_Short descriptive text snippets_.
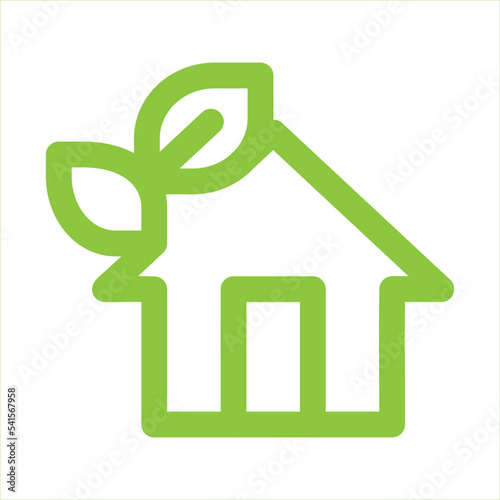 Icon illustration of an eco-friendly house concept.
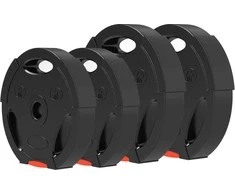 SPORTNOW 4 hantelių svarmenų rinkinys, 2 x 5kg/7,5kg svarmenys, svarmenų plokštelių rinkinys, svarmenų plokštelės 2,5 cm hantelio strypui, Ø 30 mm skylė, juodos spalvos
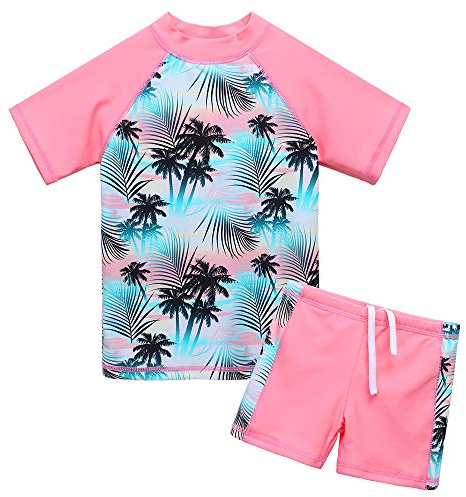 ZNYUNE Niña Traje de Baño Impreso 2 Piezas Top Manga Corta + Shorts S200 CocoTree 16A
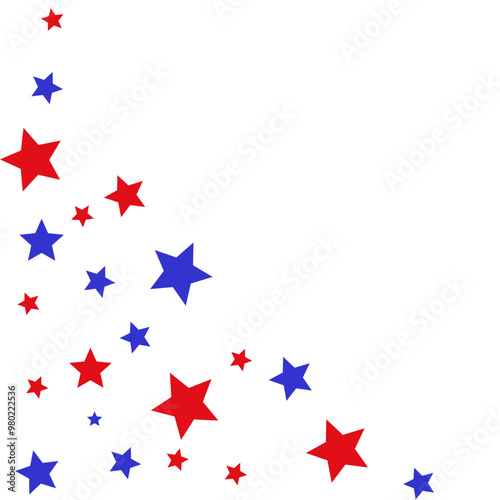Red and Blue Star Corner Border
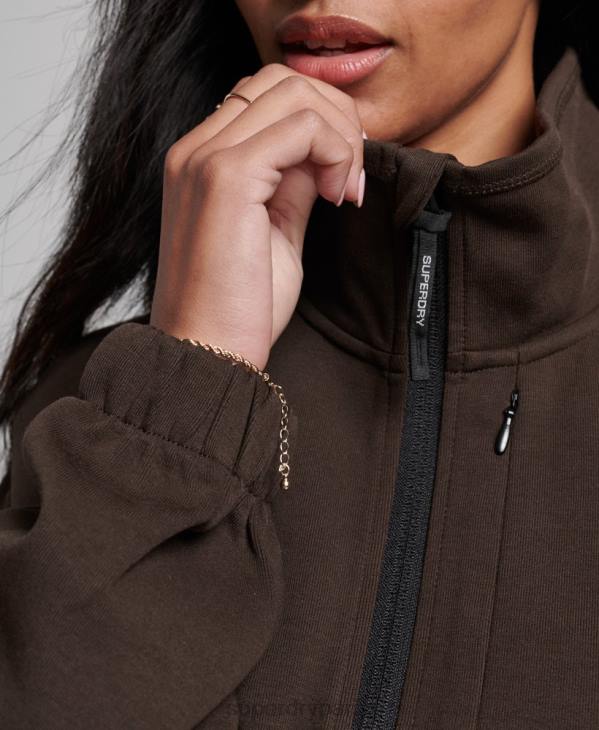 Superdry femmes sweat technique à demi-zip chauve-souris D64Z3364 vêtements brun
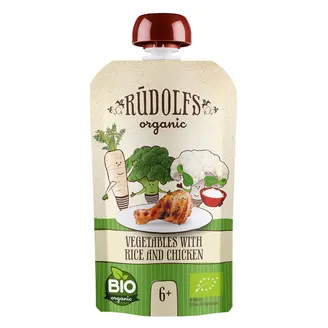 Biezenis RŪDOLFS BIO Dārzeņi ar rīsiem un vistas gaļu tūbiņā, no 6 mēn., 110g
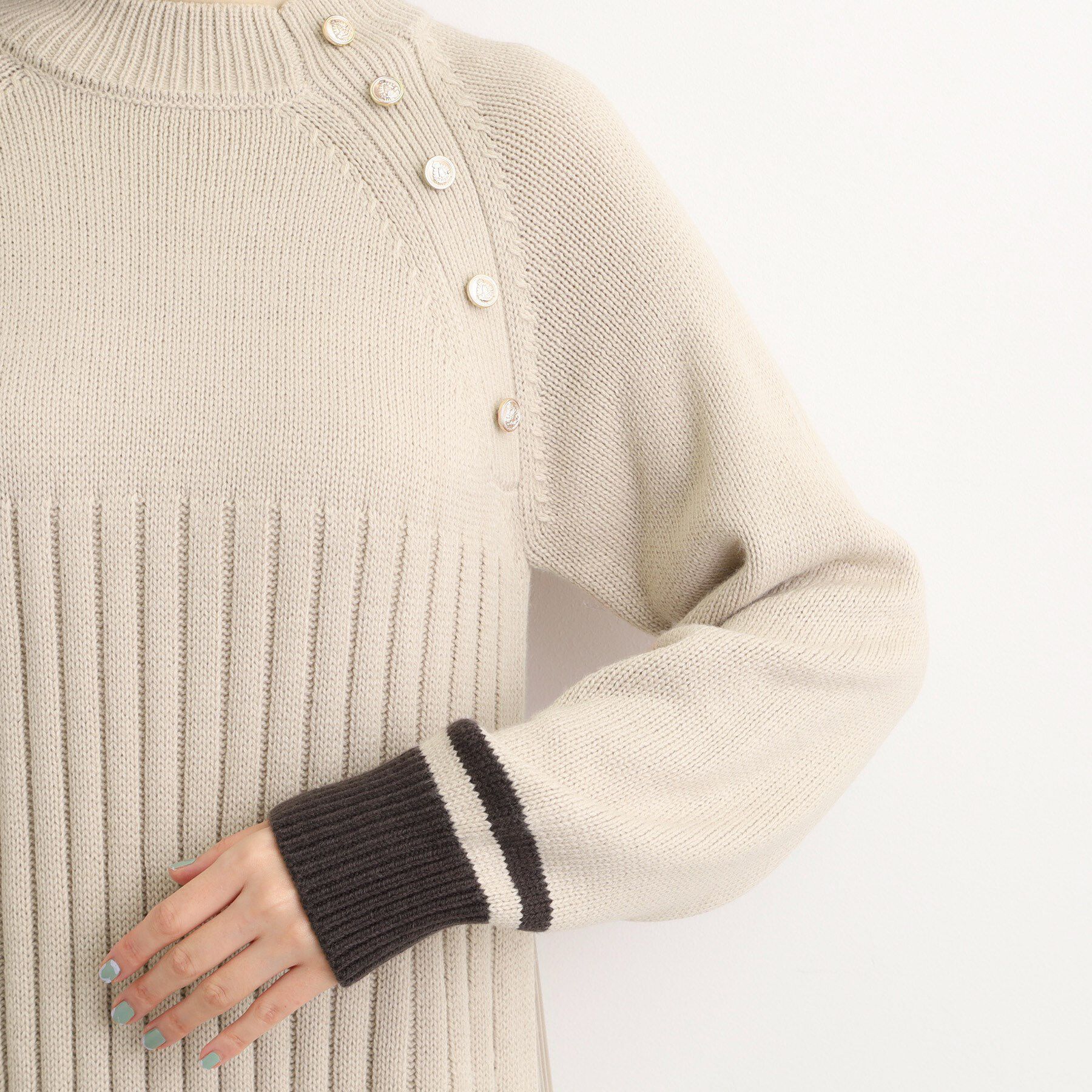 grove「【選べる着丈】配色サイドプリーツニットワンピース」|ワンピース|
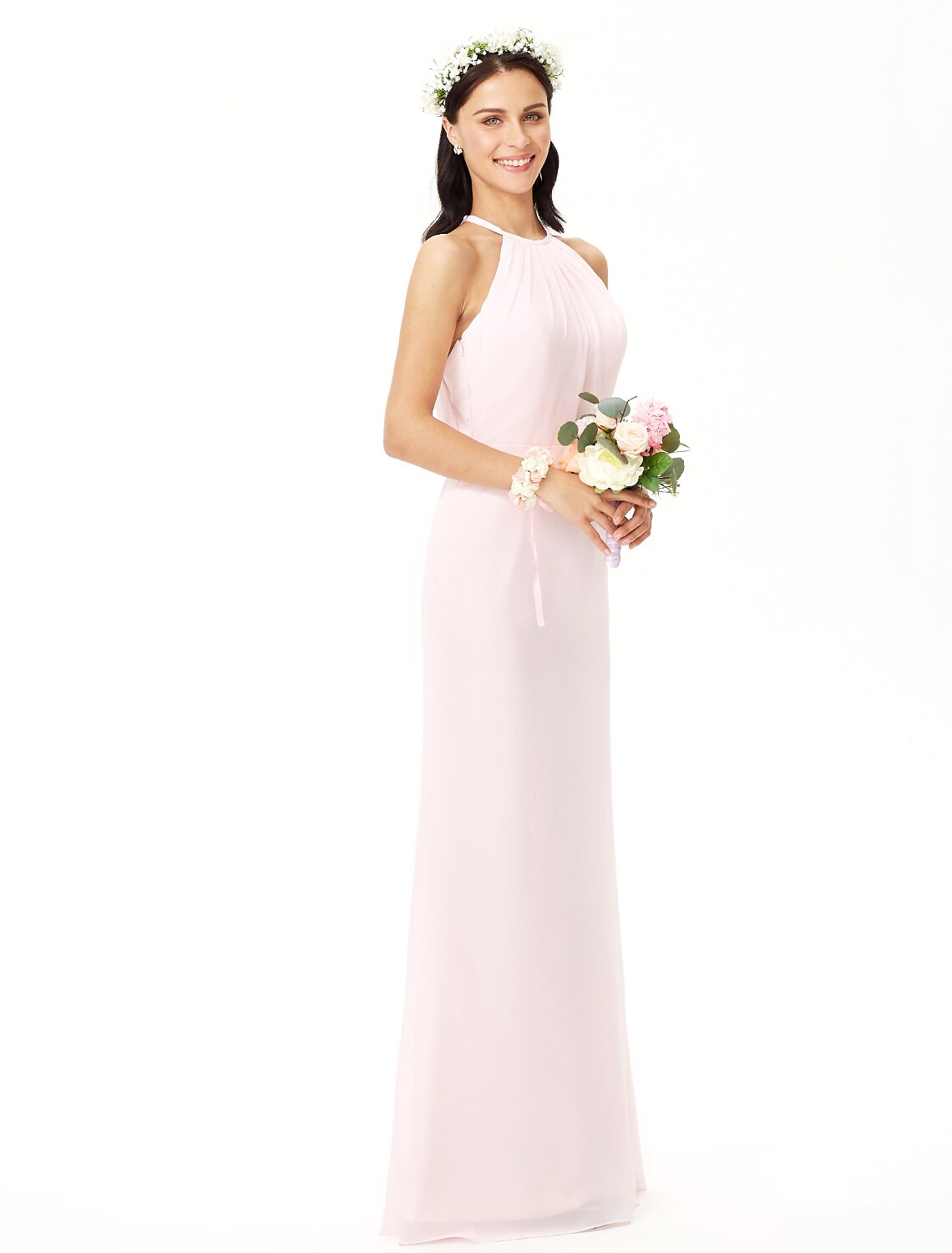 Sheath / Column Bridesmaid Dress Jewel Neck Sleeveless Elegant Floor Length Chiffon with Pleats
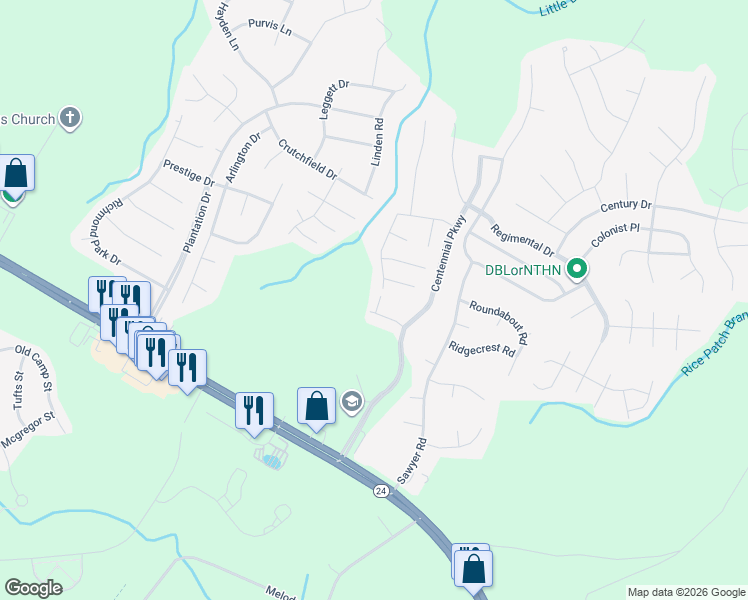 map of restaurants, bars, coffee shops, grocery stores, and more near 35 Agdon Landing in Cameron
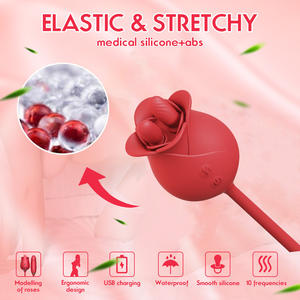 Mainan seks dewasa kepala ganda getar mawar Petting klitoris payudara vagina untuk wanita dengan steker Anal - Product Image 2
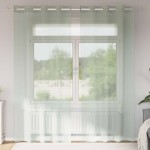 vidaXL Perdele Voile cu Oelii 2 buc Gri deschis 140x245 cm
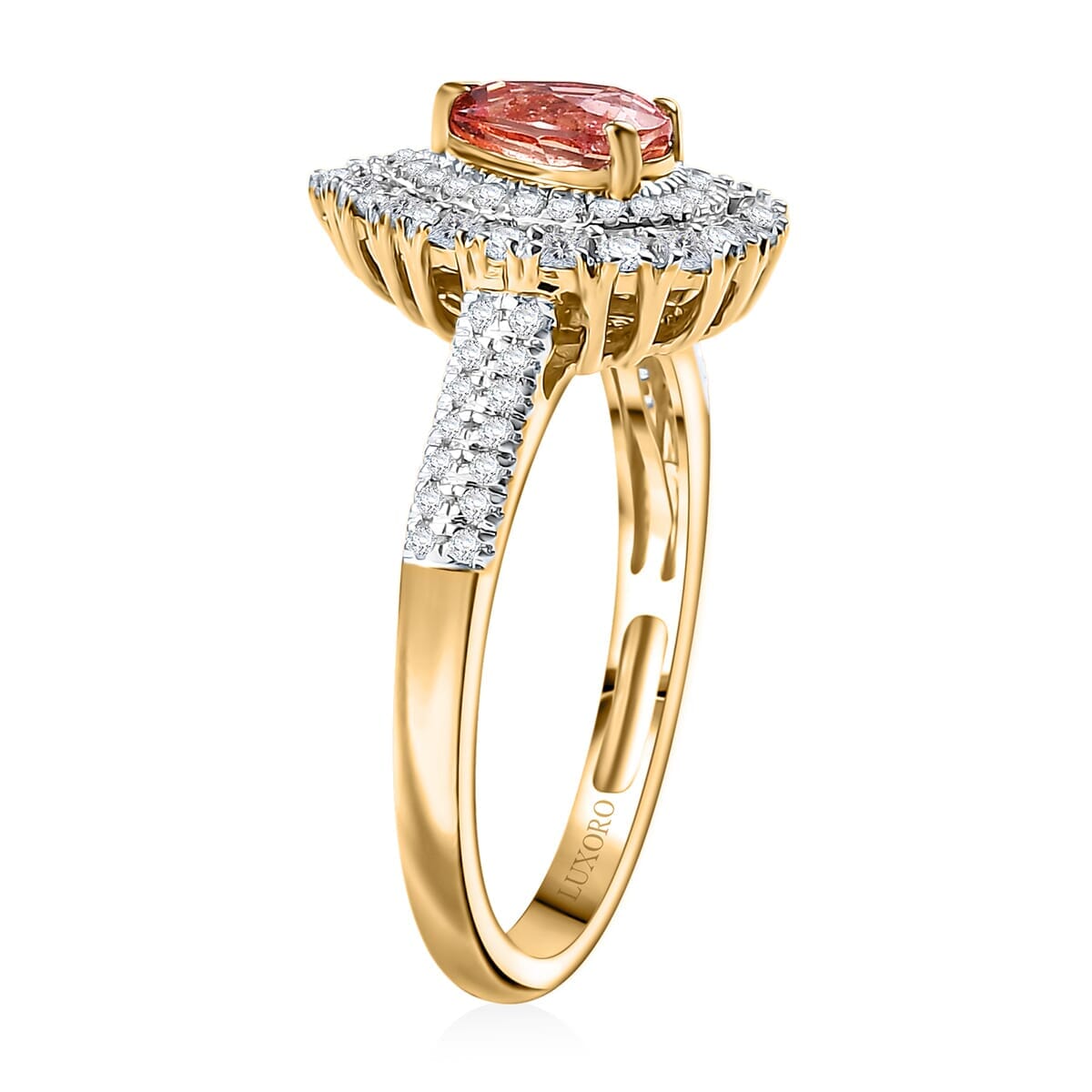 Certified & Appraised Luxoro AAA Padparadscha Sapphire (BT) 6.0) and I2 Diamond 1.41 ctw Double Halo Ring in 14K Yellow Gold (Size 10.0) image number 3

_Assignment_. In the records above, find the line containing "Mainan seks dewasa", then write out exactly that line and every later one through the last, omitting pictures.

_Response area_.
 Mainan seks dewasa kepala ganda getar mawar Petting klitoris payudara vagina untuk wanita dengan steker Anal - Product Image 2
 vidaXL Perdele Voile cu Oelii 2 buc Gri deschis 140x245 cm
 Certified & Appraised Luxoro AAA Padparadscha Sapphire (BT) 6.0) and I2 Diamond 1.41 ctw Double Halo Ring in 14K Yellow Gold (Size 10.0) image number 3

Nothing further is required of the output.